В Москве с дворником дядей Васей у меня была старая вражда. Как-то раз я настроил из снега гаражей, а он их, убирая снег, разорил. Злился я страшно, бегал, кричал: " Васька! Гад!". А однажды подарили мне ботинки на рифленой подошве. И вот весна, воскресенье, надеваю я эти черные блестящие ботинки и выхожу на двор ждать бабушку, куда-то мы должны идти. Этим же утром дядя Вася забрал цементом большой кусок разбитого асфальта у двери, и я немедленно изследил его своими великолепными подошвами и, поняв, что натворил, отбежал подальше и там прогуливался с фальшиво независимым видом. Вскоре вышла бабушка и сказала, кажется что-то очень короткое, вроде: "Что уши-то прижал?", а сама еле скрывала в глазах огонек ребячей солидарности со мной.
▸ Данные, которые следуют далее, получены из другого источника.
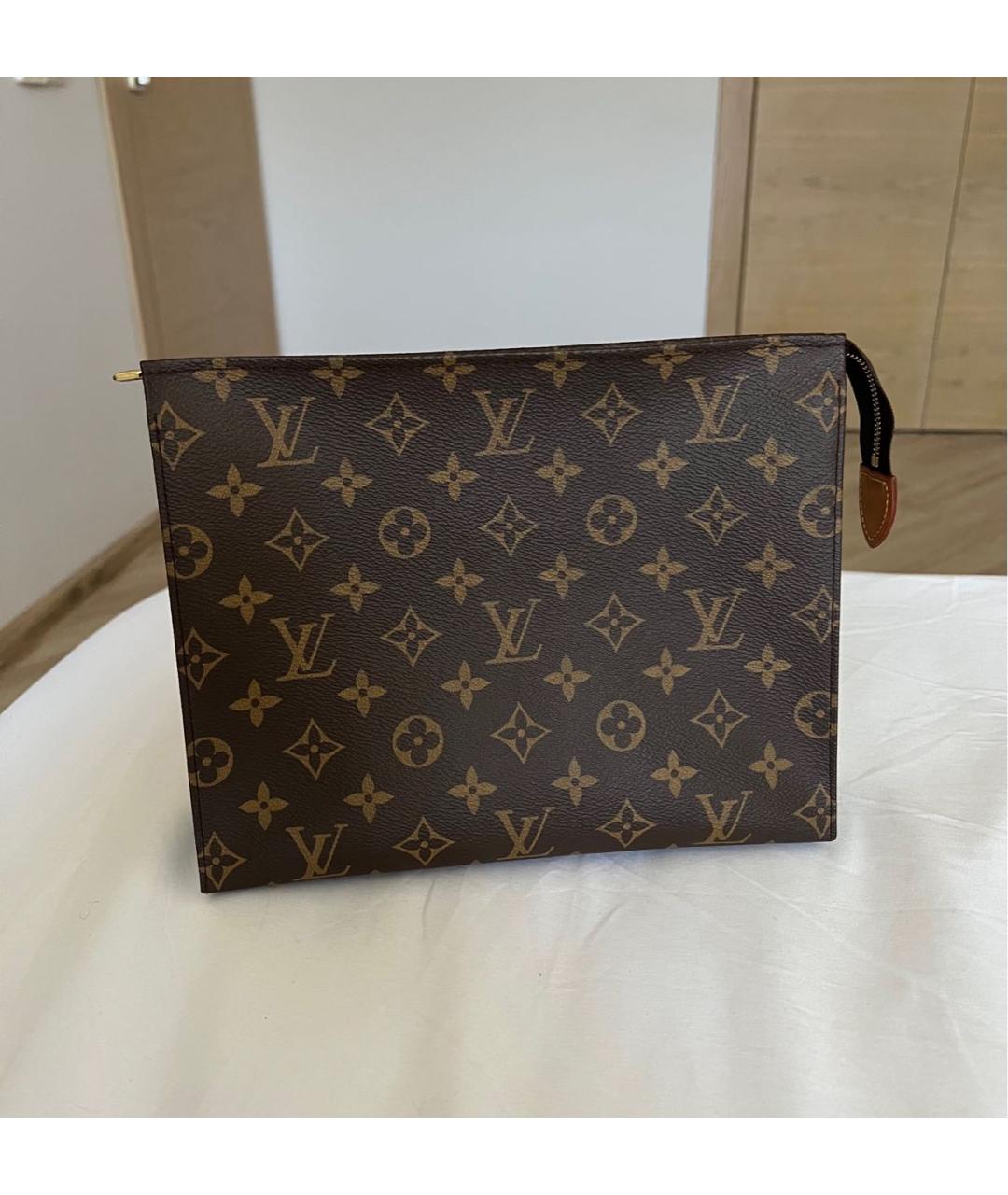 LOUIS VUITTON Коричневая косметичка, фото 9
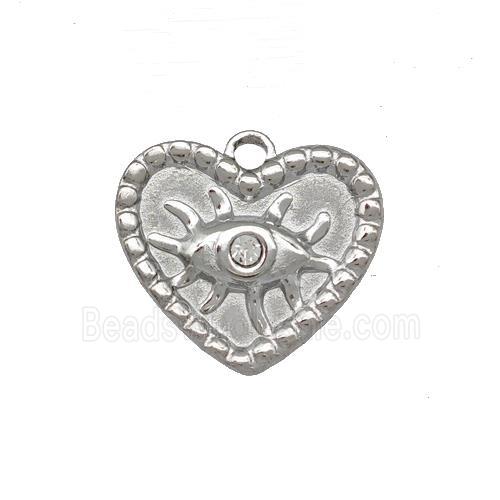 Raw Stainless Steel Heart Eye Pendant Pave Rhinestone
Еще бабушка рассказывала про одного поэта, который все как-то ходил-бродил, мечтал о кораблях, морях-океанах и дальних странах, а потом его взяли да и расстреляли. И прочитала начало от стихотворения Гумилева "Капитаны". Еще восхищал ее Лермонтовский "Воздушный корабль". Причем, помню, что привлекало ее даже не содержание, а вся эта сильная и таинственная морская обстановка, не зря обожала она всякие географические карты, все покупала их мне, даже принесла однажды атлас флагов, и только потом, когда она умерла, понял я какое значение книжный мир кораблей и дальних странствий имел для романтической души этой чудной и одинокой женщины, ни разу в жизни не видевшей моря.
Бабушка всю жизнь прожила одна, после развода с дедом так и не выйдя замуж. Однажды я спросил у нее, почему они развелись с дедушкой. Она сказала, что-то вроде, что любил он ее сначала, а потом перестал, полюбил другую женщину.
Однажды весной мы были с бабушкой в Ново-Иерусалиме. Не забуду того утра, синей дали, солнца, талого снега со следами полозьев, и запаха конского навоза и того, как воробьи клевали этот навоз, и как было радостно за этот навоз, что ничего не пропадает, что он такой чистый, вкусный, и что светится в нем золотистый овес. Не забуду этого синего воздуха, этого чувства дали жизни, этого полного надежды утра, когда казалось, что утро то — только узкая щелка в мощно и прекрасно открывающейся двери, что дальше все только и будет плыть в синем воздухе, под чириканье воробьев, под блеск луж, под песню жаворонка в небе… Как, куда все ушло, растряслось, растерялось? И почему только в конце жизни выясняется, что если что и осталось главного в тебе — это забытая ширь детства, это весеннее утро с бабушкой в маленьком русском городе.
2
Очень часто вспоминаю тоже ушедшего уже человека, почти мне родственника, отца моего друга и напарника Анатолия — Юрия Александровича Блюме.
Ах Москва, Москва, Москва, Москва,
Много ты нам горя принесла!
На пеньки нас становили, раздевали и лупили,
Ах зачем нас мама родила!
Семь километров Секир-Гора,
Многих там зарытые тела.
Буйный ветер там гуляет, мама родная не знает,
Где сынок зарытый навсегда! —
на мотив Гоп-со-смыком пел, подвыпив, Юрий Александрович… Пел слабым, но выразительным голосом, старомодно, с неким беспомощным надрывам, перевывом, время от времени переходя на речитатив. Родом он был из-под Рязани, и весь его образ уходит куда-то в историю, к его предкам голландского происхождения, каким-нибудь железнодорожным и лесным инженерам, которых светлая голова вынесла их самых глубин русской жизни и которые будто из этих глубин и глядят на нас с желтых фотографий: один к одному крупные, с огромными бородами, с выражением небывалого и сдержанного достоинства на красивых и открытых лицах.
Всю взрослую жизнь провел Юрий Александрович на Таймыре, куда попал незадолго до войны и не по своей воле. Был в свое время план снабжения строящегося Норильска не по железной дороге от Дудинки, а через море по реке Пясине, так вот Юрий Александрович руководил экспедицией, разрабатывавшей фарватер для этого самого водного пути. Стал он начальником не сразу, была в нем крепкая флотская жилка, не зря поступал в мореходное училище и после написал учебник по судождению и навигации — сшитый из многих тетрадок, исписанный карандашом и изобилующий ссылками и коментариями.